## [What you should do]
Word for word, retype the tail of the data below, starting with the line that has "Halsband Guld Dödskalle" and including the last line.
——————————
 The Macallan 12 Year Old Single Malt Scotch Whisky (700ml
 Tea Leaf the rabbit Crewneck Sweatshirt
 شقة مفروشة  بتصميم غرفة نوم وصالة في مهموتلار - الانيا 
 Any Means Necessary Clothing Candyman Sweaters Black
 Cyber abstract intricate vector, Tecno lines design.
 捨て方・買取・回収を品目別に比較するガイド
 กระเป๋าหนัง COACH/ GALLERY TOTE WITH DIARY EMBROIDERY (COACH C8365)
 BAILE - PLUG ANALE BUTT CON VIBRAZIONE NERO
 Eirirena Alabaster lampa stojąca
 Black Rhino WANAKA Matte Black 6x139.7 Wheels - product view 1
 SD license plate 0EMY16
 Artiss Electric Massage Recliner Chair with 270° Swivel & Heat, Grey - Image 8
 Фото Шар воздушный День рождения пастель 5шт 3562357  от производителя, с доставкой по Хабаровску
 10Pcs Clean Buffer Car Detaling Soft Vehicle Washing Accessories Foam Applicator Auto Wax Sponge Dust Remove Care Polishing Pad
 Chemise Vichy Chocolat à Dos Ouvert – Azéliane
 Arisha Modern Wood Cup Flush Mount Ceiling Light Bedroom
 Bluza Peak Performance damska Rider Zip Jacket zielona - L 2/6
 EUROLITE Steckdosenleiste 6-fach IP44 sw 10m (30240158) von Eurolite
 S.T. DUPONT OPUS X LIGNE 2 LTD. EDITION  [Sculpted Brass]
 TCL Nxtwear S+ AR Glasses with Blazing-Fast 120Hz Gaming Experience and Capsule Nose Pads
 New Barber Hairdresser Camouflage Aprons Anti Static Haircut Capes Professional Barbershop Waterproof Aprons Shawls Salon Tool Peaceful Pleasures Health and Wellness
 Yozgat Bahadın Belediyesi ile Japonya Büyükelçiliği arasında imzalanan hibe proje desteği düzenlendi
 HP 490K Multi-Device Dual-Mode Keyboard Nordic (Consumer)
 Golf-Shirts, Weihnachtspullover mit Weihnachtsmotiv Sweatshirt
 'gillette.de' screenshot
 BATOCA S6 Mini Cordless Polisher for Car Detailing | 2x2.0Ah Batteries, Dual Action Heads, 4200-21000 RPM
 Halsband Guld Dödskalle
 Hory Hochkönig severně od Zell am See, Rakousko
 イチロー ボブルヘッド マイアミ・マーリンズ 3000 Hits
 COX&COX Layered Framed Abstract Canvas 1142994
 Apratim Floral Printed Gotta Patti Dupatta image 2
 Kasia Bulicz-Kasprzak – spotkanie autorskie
——————————
## [Exercise output]
 Halsband Guld Dödskalle
 Hory Hochkönig severně od Zell am See, Rakousko
 イチロー ボブルヘッド マイアミ・マーリンズ 3000 Hits
 COX&COX Layered Framed Abstract Canvas 1142994
 Apratim Floral Printed Gotta Patti Dupatta image 2
 Kasia Bulicz-Kasprzak – spotkanie autorskie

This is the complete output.